All these kits are licensed. So the producers pay TOHO a fee for the privilege to produce them, which jacks the cost up. Especially since many are really limited as well.

I prefer to look for cheaper vinyl kits. They are out there. Just have to wait for them to turn up on ebay.
That, or I go for the really small ones that slip through the cracks on ebay. Sometimes they can be had very cheaply.


----------



## Facto2 (Nov 16, 2010)

Tracy, Well, you’re looking at possibly the worst time ever to do a Yen to Dollar conversion. The dollar is the weakest it’s been in a very long time. So that’s going to have a huge effect on the conversion.

I do have to correct you on one thing, the Billiken Godzilla kits are for the most part still available (I have them in stock). The only one that isn’t available is the 1992 version. The prices range from $75 to $100, which is still pretty cheap for an imported twelve inch vinyl kit. I do miss Kaiyodo and their kits.

The resin kits have always been expensive, even in Japan. It’s just now made worse because of how bad the dollar is doing.


----------



## Ian Anderson (Jan 24, 2011)

If I was you my friend, I Think I would wait tell the Half Dolphin and Half Wale version come out now after the incubation period of this lasted nuke dose takes effect that is, then it has to crawl our of the ocean and all I think before they can make it in to a action figure and sell it like all the other things they kill from nature and the ocean.... Then we can all go get the ALL NEW, " Flipper/willy" Action figure when the new version is released in no time now,.......
AND PAY THROUGH THE NOSE AS WELL, Like always.


Ian


----------



## djnick66 (May 2, 2008)

Some just aren't cheap. I think I paid $300 for a big Paradise Godzilla 20 years ago. And more for a huge Kaiyodo crouching Godzilla. But I have not seen those kits again either. The little kaiyodo kits were in the $100 range last time I saw them. I bought one of those about 10 years ago from Rainbow 10 in japan.


----------



## robiwon (Oct 20, 2006)

I have always been a Godzilla fan. Yaers ago I met a collector at ToysRUs. He had a massive collection of kits, figures, magazines, etc. He never built any of the kits because he didn't think he could do them justice. I showed him pics of my work and he asked if I would be interested in building some of them for him. I jumped at the offer. I built the large Kong swinging Big G by the tail, a fully lighted Super X with a custom machined clear laser thing, the clear Biliken Godzilla from Destroyer that was lighted and few other resins.
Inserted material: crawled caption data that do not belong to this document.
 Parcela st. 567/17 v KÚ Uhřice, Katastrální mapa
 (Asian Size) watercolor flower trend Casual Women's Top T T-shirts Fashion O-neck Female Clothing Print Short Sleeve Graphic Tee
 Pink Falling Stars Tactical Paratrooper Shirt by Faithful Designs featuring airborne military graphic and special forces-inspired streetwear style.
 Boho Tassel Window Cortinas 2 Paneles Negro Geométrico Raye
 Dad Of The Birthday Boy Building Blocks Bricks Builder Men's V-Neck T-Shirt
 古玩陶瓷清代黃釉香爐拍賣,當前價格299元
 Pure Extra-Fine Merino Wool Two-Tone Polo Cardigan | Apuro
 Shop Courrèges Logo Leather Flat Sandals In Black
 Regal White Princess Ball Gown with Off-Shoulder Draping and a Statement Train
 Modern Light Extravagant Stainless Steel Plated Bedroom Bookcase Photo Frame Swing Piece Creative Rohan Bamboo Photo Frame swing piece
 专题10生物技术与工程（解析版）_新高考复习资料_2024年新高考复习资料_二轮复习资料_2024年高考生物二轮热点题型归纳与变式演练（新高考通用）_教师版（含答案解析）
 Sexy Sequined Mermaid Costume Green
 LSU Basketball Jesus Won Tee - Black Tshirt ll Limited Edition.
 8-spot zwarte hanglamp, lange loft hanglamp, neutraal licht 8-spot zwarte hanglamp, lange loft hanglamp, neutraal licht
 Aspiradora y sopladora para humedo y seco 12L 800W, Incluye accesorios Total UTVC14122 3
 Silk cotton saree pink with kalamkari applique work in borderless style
He gave me as payment another clear Biliken G. Sadly, this was before I had a camera or new of model building websites. I have one Biliken G left. I don't know what happened to my clear one.

His name was Jerome and was a doctor in Michigan. If your out there, give me a shout.


----------



## Facto2 (Nov 16, 2010)

I think you must mean the Kaiyodo clear Godzilla 1995 (8 inch tall kit). Kayodo made two clear versions. One in clear red vinyl and another in just clear vinyl. Billiken never did a version of Godzilla 1995. Just to clarify.


----------



## getter weevil (May 20, 2010)

The japanese godzilla kits are very cool as noted they are pricey and always have been.

I would focus on looking for one particular kit. There are many pictures out there of the godzilla kits so look around.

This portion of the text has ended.